Wednesday, November 18, 2015

Gunfire, a lost Queen and a wreck in Kirkcudbright Bay.

As we made our way back to the beach at the north of Little Ross Island we could hear the sounds of guns of various calibres coming across the water. They were being fired at Dundrennan Firing Range (or Kirkcudbright Training Centre as it is now called). I had called the Range Officer on 07786 126151 (manned 24 hrs) prior to our departure so I knew the range would be closed and it would not be possible to continue east round the coast. The Range Safety boat, the Gallovidian III, was already moored off the north point of the island. From previous experience I knew that her skipper Gary McKie would up anchor and motor close inshore as soon as he saw us. So Ian called him up on Channel 16 to let him know our intended route, which was well away from the range.
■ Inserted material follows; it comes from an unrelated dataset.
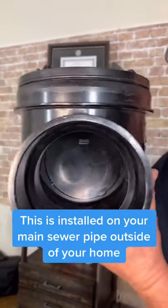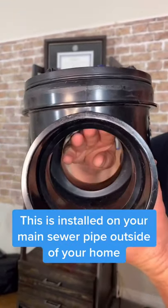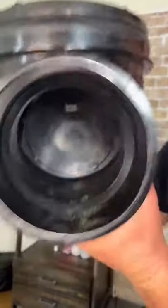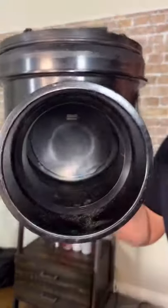The solution is this bad boy right here. It's called a backflow preventer valve. It allows water to flow through, but when the rats come in — boom — it stops them from getting into your sewer and drain system.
After a cheery wave from the Gallovidian III we set off against a stiff wind up the west side of Kirkcudbright Bay.

Little Ross slipped astern as the flood spring tide assisted us against the wind.

Once clear of the range, we crossed the bay to the wooded shores of St Mary's Isle. An Augustinian priory was established here in the 12th century. Mary Queen of Scots stayed at the priory in 1563 while enroute to Dumfries from Kenmuir Castle near New Galloway. Legend has it that her party was benighted as they approached Kirkcudbright. Her escort was disinclined to risk her safety in the town's inns so they made their way here. In 1568 Mary came this way again after her defeat at the Battle of Langside near Glasgow. She spent her last night in Scotland at nearby Dundrennan Abbey before fleeing to England by boat from Port Mary and capture by Elizabeth I of England.

The lee of St Mary's Isle was a great place to catch our breath.

Further up Kirkcudbright Bay near Gibbhill Point we came across the wreck of this old wooden trawler. It had seen better days.